Здавалка
Главная | Обратная связь

КОНСТАНТЫ ПЕТЕРБУРГСКОЙ КУЛЬТУРЫ



 

Проблема существования в культуре города констант – это проблема индивидуального своеобразия, обретение которого – необходимое условие выживания любого города. Городу свойственно стремление закрепить за собой определенный набор качеств, делающих его неповторимым и обеспечивающих ему достойное место в ряду городов; изменение этого набора связано, как правило, с исключительными обстоятельствами, с адаптацией к новым условиям.

Ключевые, наиболее важные качества, в сохранении которых город жизненно заинтересован, он стремится «внедрить» в сознание людей на уровне стереотипных представлений. Между константами как постоянными величинами, объективными параметрами городской среды и устойчивыми представлениями о ней трудно провести отчетливую границу; отношения между ними можно назвать отношениями дополнительности: с одной стороны, стереотипы, как правило, складываются под воздействием объективных факторов, определяющих своеобразие города; с другой стороны, именно сложившиеся стереотипы, отраженные в художественных текстах или передаваемые изустно, способны поддержать город в его стремлении оставаться своеобразным и в периоды ослабления или утраты им факторов индивидуального своеобразия.

Очевидно, что любые попытки выявить устойчивые качества конкретного города должны быть выверены с точки зрения специфики и объекта, и предмета подобного исследования. Объектом в данном случае является Город, под которым понимается среда обитания определенного типа. Можно предположить, что в культуре Петербурга, как и в культуре любого другого города, присутствуют качества, обусловливающие его принадлежность к Городу. Это обстоятельство не всегда принимается в расчет; само понятие «Город» трактуется как исторически-относительное. Между тем, по справедливому замечанию, «город есть город»[58]. Существуют качества, позволяющие обозначить «водораздел» между Городом и Деревней, Городом и Природой. Так, важнейшим критерием выделения Города в особую среду обитания служит удельный вес культурной составляющей, который настолько высок, что Город рассматривается как максимально полное воплощение культуры.

Можно ли считать рукотворность, искусственность константой Петербурга как одного из множества исторических воплощений города, если принять во внимание ее универсальный характер? По-видимому, можно, ибо в каждом конкретном случае искусственность города проявляется по-разному, а в «петербургском» варианте ее степень выражена особенно отчетливо; за исключением короткого периода у Петербурга не было необходимости отстаивать свое специфически городское происхождение – настолько была очевидна его сущность как способа и результата человеческой деятельности.

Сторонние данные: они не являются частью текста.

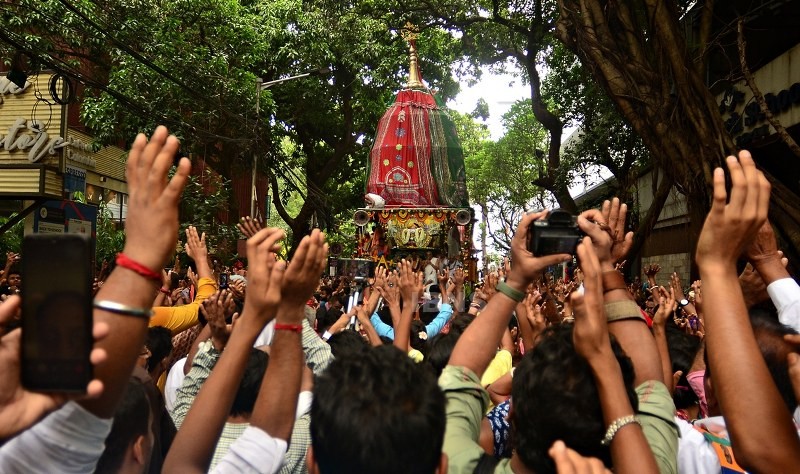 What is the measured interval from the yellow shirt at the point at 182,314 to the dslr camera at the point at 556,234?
2.69m

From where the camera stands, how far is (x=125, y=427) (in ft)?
7.49

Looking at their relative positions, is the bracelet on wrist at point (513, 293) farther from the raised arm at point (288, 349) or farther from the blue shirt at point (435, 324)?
the blue shirt at point (435, 324)

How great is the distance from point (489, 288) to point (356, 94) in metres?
19.9

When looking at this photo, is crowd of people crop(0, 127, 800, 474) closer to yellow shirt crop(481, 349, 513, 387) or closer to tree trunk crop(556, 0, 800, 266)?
yellow shirt crop(481, 349, 513, 387)

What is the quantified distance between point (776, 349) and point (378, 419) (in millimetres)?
1379

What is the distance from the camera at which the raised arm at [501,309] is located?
7.88 ft

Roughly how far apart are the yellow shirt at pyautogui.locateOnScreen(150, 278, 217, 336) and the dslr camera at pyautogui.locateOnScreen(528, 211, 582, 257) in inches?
106

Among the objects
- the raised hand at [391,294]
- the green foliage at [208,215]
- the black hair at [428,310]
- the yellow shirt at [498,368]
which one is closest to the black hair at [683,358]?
the yellow shirt at [498,368]

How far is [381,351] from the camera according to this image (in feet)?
6.46

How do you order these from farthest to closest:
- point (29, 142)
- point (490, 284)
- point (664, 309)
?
point (29, 142)
point (490, 284)
point (664, 309)

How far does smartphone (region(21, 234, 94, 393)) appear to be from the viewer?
4.70 ft

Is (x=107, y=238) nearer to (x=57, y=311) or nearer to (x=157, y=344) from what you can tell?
(x=157, y=344)

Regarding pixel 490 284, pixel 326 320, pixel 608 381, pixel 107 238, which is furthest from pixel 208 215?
pixel 608 381

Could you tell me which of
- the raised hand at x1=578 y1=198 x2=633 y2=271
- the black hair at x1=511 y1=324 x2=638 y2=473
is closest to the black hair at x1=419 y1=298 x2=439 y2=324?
the raised hand at x1=578 y1=198 x2=633 y2=271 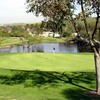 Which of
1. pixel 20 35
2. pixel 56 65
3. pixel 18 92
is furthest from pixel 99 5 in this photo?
pixel 20 35

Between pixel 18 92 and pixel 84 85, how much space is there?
3.72 meters

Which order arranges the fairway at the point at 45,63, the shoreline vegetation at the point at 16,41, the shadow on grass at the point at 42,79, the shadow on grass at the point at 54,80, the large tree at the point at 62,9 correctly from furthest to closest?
the shoreline vegetation at the point at 16,41, the fairway at the point at 45,63, the shadow on grass at the point at 42,79, the shadow on grass at the point at 54,80, the large tree at the point at 62,9

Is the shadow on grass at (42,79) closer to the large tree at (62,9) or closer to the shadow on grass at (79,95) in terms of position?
the shadow on grass at (79,95)

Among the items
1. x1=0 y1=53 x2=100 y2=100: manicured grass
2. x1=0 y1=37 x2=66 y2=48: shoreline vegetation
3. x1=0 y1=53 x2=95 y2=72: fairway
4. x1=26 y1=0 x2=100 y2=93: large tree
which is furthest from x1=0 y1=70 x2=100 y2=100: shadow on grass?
x1=0 y1=37 x2=66 y2=48: shoreline vegetation

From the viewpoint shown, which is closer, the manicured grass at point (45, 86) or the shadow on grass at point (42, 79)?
the manicured grass at point (45, 86)

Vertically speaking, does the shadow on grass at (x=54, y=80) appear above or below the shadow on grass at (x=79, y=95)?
above

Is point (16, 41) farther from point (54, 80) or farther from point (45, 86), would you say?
point (45, 86)

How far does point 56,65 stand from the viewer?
26125mm

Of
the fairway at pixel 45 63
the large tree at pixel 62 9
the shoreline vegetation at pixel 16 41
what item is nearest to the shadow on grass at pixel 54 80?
the large tree at pixel 62 9

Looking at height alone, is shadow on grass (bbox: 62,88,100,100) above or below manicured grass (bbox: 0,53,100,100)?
below

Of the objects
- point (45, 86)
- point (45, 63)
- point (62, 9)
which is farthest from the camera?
point (45, 63)

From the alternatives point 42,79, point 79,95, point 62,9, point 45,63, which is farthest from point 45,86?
point 45,63

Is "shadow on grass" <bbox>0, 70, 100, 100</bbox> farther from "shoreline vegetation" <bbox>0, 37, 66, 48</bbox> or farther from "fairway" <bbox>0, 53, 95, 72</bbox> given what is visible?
"shoreline vegetation" <bbox>0, 37, 66, 48</bbox>

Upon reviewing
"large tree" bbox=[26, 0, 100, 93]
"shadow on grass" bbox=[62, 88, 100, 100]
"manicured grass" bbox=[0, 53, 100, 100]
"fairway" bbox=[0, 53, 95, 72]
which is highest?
"large tree" bbox=[26, 0, 100, 93] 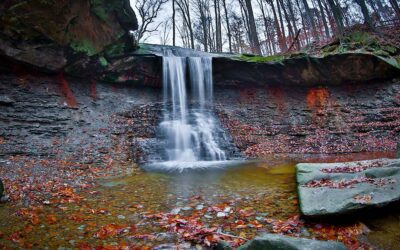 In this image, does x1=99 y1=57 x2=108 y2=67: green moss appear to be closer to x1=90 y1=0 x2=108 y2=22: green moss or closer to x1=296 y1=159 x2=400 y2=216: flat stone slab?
x1=90 y1=0 x2=108 y2=22: green moss

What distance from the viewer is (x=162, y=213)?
170 inches

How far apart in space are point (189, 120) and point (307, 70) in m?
6.68

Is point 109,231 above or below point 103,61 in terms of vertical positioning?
below

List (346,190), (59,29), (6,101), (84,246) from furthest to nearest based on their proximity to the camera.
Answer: (59,29), (6,101), (346,190), (84,246)

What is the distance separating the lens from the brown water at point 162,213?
328 centimetres

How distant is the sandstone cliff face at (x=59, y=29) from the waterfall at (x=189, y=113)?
3.00 metres

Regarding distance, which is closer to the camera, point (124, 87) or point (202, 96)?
point (124, 87)

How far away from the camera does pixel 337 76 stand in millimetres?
13984

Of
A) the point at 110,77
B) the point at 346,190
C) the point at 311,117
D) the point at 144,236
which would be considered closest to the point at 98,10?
the point at 110,77

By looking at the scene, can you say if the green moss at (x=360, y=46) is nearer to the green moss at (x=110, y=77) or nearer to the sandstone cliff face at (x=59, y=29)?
the sandstone cliff face at (x=59, y=29)

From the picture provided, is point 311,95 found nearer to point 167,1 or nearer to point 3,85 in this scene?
point 3,85

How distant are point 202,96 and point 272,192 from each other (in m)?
9.85

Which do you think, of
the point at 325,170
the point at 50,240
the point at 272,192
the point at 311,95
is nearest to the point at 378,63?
the point at 311,95

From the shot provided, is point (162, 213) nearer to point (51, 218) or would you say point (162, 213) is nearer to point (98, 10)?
point (51, 218) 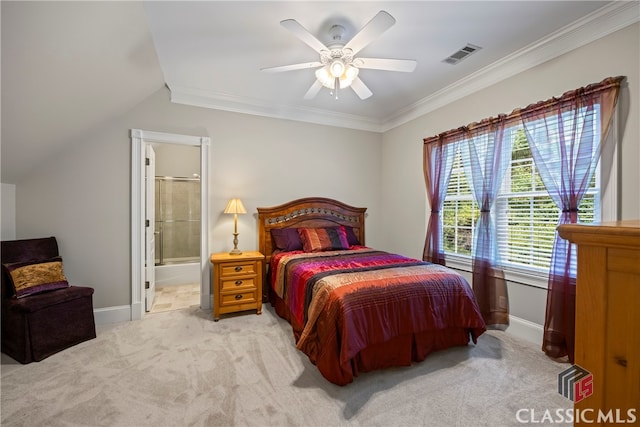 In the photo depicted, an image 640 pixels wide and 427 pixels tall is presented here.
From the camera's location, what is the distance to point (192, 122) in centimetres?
337

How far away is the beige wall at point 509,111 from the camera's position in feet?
6.47

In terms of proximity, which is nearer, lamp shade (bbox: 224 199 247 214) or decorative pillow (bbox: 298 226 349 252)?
lamp shade (bbox: 224 199 247 214)

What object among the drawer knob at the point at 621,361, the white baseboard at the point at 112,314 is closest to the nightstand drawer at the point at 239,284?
the white baseboard at the point at 112,314

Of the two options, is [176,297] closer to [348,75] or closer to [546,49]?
[348,75]

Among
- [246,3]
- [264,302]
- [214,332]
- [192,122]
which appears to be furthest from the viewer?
[264,302]

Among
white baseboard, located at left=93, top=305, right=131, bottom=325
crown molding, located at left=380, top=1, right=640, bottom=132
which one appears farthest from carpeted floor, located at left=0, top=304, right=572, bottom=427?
crown molding, located at left=380, top=1, right=640, bottom=132

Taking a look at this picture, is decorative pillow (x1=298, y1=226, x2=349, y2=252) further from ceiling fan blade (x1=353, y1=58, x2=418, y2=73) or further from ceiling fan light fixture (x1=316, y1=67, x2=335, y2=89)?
ceiling fan blade (x1=353, y1=58, x2=418, y2=73)

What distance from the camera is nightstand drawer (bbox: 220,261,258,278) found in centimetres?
305

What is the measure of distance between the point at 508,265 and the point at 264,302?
2.86 metres

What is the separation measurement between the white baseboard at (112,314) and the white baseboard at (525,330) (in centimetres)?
405

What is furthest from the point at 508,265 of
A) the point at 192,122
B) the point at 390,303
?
the point at 192,122

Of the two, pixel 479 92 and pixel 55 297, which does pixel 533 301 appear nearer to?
pixel 479 92

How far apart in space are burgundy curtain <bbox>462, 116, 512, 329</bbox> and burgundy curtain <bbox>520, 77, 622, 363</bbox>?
383 mm

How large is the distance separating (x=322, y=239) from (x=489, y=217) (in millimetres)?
1902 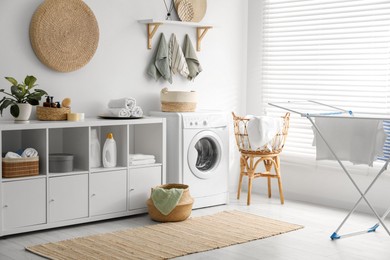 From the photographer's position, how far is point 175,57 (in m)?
5.59

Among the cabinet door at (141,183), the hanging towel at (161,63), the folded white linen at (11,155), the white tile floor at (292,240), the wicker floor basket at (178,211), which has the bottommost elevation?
the white tile floor at (292,240)

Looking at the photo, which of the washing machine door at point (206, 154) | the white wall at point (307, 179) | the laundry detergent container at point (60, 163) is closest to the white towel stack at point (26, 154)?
the laundry detergent container at point (60, 163)

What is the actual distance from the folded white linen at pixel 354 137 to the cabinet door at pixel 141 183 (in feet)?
4.57

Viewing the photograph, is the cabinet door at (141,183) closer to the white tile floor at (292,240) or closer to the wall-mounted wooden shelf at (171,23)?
the white tile floor at (292,240)

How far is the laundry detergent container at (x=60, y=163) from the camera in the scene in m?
4.51

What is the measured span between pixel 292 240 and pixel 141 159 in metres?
1.35

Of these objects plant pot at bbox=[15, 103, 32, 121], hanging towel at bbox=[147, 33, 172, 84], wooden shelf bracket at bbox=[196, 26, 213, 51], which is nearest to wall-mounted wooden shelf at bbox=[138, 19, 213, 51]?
wooden shelf bracket at bbox=[196, 26, 213, 51]

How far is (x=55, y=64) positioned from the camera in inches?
189

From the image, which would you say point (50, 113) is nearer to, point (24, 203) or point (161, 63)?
point (24, 203)

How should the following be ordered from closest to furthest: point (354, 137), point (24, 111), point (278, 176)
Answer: point (354, 137)
point (24, 111)
point (278, 176)

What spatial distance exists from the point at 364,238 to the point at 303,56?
1964 millimetres

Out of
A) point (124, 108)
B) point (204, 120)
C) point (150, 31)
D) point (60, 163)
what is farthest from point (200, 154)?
point (60, 163)

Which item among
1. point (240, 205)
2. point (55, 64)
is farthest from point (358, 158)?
point (55, 64)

Устойчивые эпитеты Петербурга – «вымысел», «волшебная греза», «фантом». Мыслью о вымышленности, надуманности этого города, в сущности, одного из многих, созданных «на пустом» месте в Новое время, – пронизана значительная часть петербургского текста русской литературы.

Любопытно, что искусственность («культурность») – объективное качество Города – приобретает значение константы одной из исторических модификаций данной среды обитания только в определенном контексте. В данном случае таким контекстом служит урбанистическая картина России. В сознании русских людей проблема искусственности, рукотворности Петербурга была трансформирована в проблему органичности/неорганичности культуре России той новой культуры, «городским» воплощением которой стал Петербург. Качества-константы этой культуры – европейскость, светскость, рационалистическая доминанта – раскрыты М.С. Каганом в книге «Град Петров в истории русской культуры».

Интересно смещение акцента: в «лице» Петербурга создавался не просто город, его культура, – город был моделью для создания государства – образования, в исторически-стабильных условиях воспринимаемого как внешнее по отношению к культуре, как ее каркас. Пожалуй, можно утверждать, что не только в XVIII–XIX вв., но и в ХХ в. специфика Петербурга как города заслонялась особенностями того государства, в качестве столицы которого город был задуман. Действительно, когда государство – этот не богоданный, а «человеческий» институт, охватывающий и регламентирующий все стороны жизни людей, – было построено, все его эпитеты были перенесены на Петербург, который с этого момента (с пушкинского времени) все чаще начинает именоваться казенным, чиновничьим, бездушным. Таким образом, специфика искусственности как константы этого города – в том, что она была многократно усилена искусственностью, неорганичностью, привнесенностью создаваемого государства.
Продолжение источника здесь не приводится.